Sat, 14 Feb 2009

Security Hyperventilating.

Just today, David Cournapeau and Lev Givon found a bug in all versions of libsamplerate up to and including 0.1.6. The bug causes a segfault and is basically the same as a bug I thought I fixed last year that resulted in the following entry in the ChangeLog:


  2008-07-02  Erik de Castro Lopo  <erikd AT mega-nerd DOT com>

     * src/src_sinc.c
     Fix buffer overrrun bug at extreme low conversion ratios. Thanks to Russell
     O'Connor for the report.

That bug fix went into version 0.1.4 of libsamplerate which was released on July 2nd, 2008. As a result, I was contacted by computer security firm Secunia Research on July 3rd and asked the following questions:

I replied with a reasonably full explanation and stated that while this bug, if triggered, would crash the program, it was not, in my opinion, exploitable. Secunia Research was happy with my explanation and analysis and I thought that was that.

However, in November of 2008 there was a flurry of security advisories which quoted the above ChangeLog entry but got the security implications completely wrong. The curious thing was that no-one, not a single person contacted me or the project mailing list to ask about the severity of the problem.

The earliest of these advisories I can find was dated November 3rd and appeared on the Openwall OSS-Security mailing list. However, by December 2nd, the Gentoo security team was saying:

"A remote attacker could entice a user or automated system to process a specially crafted audio file possibly leading to the execution of arbitrary code with the privileges of the user running the application."
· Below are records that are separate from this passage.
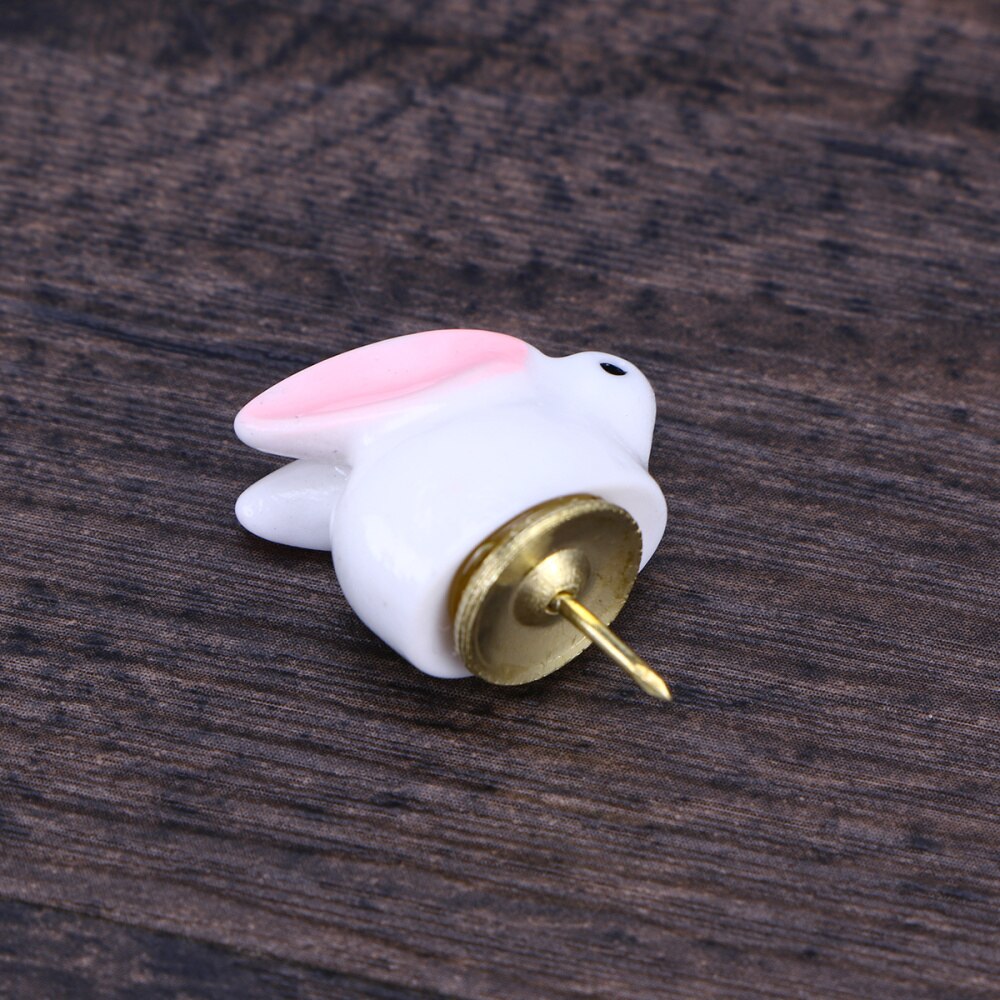 24 Pcs Thumbtacks Adorable Bunny Push Pin Wall Push Pin Drawing Pin for Display Board Calendar Maps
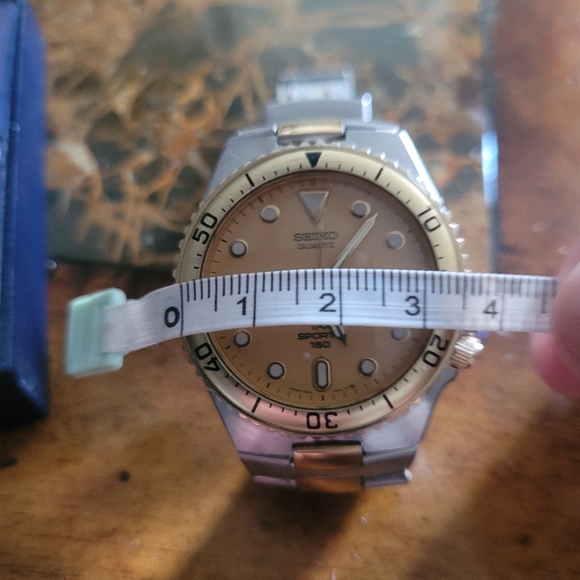Seiko Gold and Silver Quartz Watch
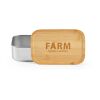 Warhol Lunchbox rSS 740ml with Bamboo lid and cutlery Silver | No Branding | not available | not available | not available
I on the other hand, remain convinced that this bug is not exploitable under anything other than purely theoretical circumstances.

Since I have now found another variant of the same bug I decided I should document the problem more fully than last time. The problem occurs deep in a rather complicated piece of code that looks like this:


  static void
  prepare_data (SINC_FILTER *filter, SRC_DATA *data, int half_filter_chan_len)
  {   int len = 0 ;
  
      /* Calculation of value of len elided. */
  
      len = MIN (filter->in_count - filter->in_used, len) ;
      len -= (len % filter->channels) ;
  
      memcpy (filter->buffer + filter->b_end, data->data_in + filter->in_used,
                          len * sizeof (float)) ;

The problem is that under conversion ratios near the lower bound of allowed values, the variable len can end up as a small negative value (I saw values in the range [-20, -1]). That small negative number then gets multiplied by 4 (sizeof float) and then passed as the third parameter to memcpy.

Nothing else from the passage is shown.